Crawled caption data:
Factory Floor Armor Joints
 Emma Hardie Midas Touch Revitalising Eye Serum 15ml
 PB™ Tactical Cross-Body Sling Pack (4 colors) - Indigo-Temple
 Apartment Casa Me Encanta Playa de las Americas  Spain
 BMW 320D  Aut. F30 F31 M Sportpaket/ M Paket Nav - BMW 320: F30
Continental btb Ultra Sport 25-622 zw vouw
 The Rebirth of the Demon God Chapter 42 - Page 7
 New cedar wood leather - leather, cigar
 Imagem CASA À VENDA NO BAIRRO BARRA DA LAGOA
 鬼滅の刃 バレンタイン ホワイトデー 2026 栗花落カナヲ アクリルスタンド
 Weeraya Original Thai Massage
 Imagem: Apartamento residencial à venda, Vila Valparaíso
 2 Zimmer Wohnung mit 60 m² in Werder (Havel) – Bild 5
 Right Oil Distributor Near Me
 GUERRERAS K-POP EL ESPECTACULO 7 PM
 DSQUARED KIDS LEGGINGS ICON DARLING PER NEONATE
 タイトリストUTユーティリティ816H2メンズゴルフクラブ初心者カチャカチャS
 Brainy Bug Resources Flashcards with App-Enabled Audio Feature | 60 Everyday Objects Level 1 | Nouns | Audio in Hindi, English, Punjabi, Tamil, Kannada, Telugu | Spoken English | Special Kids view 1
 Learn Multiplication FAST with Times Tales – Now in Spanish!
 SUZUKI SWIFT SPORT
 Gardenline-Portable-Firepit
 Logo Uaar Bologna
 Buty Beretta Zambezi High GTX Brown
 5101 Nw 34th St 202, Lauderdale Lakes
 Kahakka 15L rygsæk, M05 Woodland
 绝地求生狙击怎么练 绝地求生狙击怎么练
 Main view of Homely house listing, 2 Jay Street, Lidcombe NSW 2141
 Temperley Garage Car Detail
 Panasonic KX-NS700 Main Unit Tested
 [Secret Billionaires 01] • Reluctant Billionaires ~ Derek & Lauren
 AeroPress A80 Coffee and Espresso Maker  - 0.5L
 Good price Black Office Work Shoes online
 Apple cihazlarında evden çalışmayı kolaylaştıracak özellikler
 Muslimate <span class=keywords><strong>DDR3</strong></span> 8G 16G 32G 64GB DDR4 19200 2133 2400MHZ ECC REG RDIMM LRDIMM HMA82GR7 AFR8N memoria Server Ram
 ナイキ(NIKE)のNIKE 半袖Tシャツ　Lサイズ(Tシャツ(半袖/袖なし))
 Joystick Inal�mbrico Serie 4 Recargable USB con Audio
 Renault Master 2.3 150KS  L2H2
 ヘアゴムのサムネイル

• [REQUIREMENT]:
Line by line, set the records above down again exactly.

• [SOLUTION TO THIS EXERCISE]:
Factory Floor Armor Joints
 Emma Hardie Midas Touch Revitalising Eye Serum 15ml
 PB™ Tactical Cross-Body Sling Pack (4 colors) - Indigo-Temple
 Apartment Casa Me Encanta Playa de las Americas  Spain
 BMW 320D  Aut. F30 F31 M Sportpaket/ M Paket Nav - BMW 320: F30
Continental btb Ultra Sport 25-622 zw vouw
 The Rebirth of the Demon God Chapter 42 - Page 7
 New cedar wood leather - leather, cigar
 Imagem CASA À VENDA NO BAIRRO BARRA DA LAGOA
 鬼滅の刃 バレンタイン ホワイトデー 2026 栗花落カナヲ アクリルスタンド
 Weeraya Original Thai Massage
 Imagem: Apartamento residencial à venda, Vila Valparaíso
 2 Zimmer Wohnung mit 60 m² in Werder (Havel) – Bild 5
 Right Oil Distributor Near Me
 GUERRERAS K-POP EL ESPECTACULO 7 PM
 DSQUARED KIDS LEGGINGS ICON DARLING PER NEONATE
 タイトリストUTユーティリティ816H2メンズゴルフクラブ初心者カチャカチャS
 Brainy Bug Resources Flashcards with App-Enabled Audio Feature | 60 Everyday Objects Level 1 | Nouns | Audio in Hindi, English, Punjabi, Tamil, Kannada, Telugu | Spoken English | Special Kids view 1
 Learn Multiplication FAST with Times Tales – Now in Spanish!
 SUZUKI SWIFT SPORT
 Gardenline-Portable-Firepit
 Logo Uaar Bologna
 Buty Beretta Zambezi High GTX Brown
 5101 Nw 34th St 202, Lauderdale Lakes
 Kahakka 15L rygsæk, M05 Woodland
 绝地求生狙击怎么练 绝地求生狙击怎么练
 Main view of Homely house listing, 2 Jay Street, Lidcombe NSW 2141
 Temperley Garage Car Detail
 Panasonic KX-NS700 Main Unit Tested
 [Secret Billionaires 01] • Reluctant Billionaires ~ Derek & Lauren
 AeroPress A80 Coffee and Espresso Maker  - 0.5L
 Good price Black Office Work Shoes online
 Apple cihazlarında evden çalışmayı kolaylaştıracak özellikler
 Muslimate <span class=keywords><strong>DDR3</strong></span> 8G 16G 32G 64GB DDR4 19200 2133 2400MHZ ECC REG RDIMM LRDIMM HMA82GR7 AFR8N memoria Server Ram
 ナイキ(NIKE)のNIKE 半袖Tシャツ　Lサイズ(Tシャツ(半袖/袖なし))
 Joystick Inal�mbrico Serie 4 Recargable USB con Audio
 Renault Master 2.3 150KS  L2H2
 ヘアゴムのサムネイル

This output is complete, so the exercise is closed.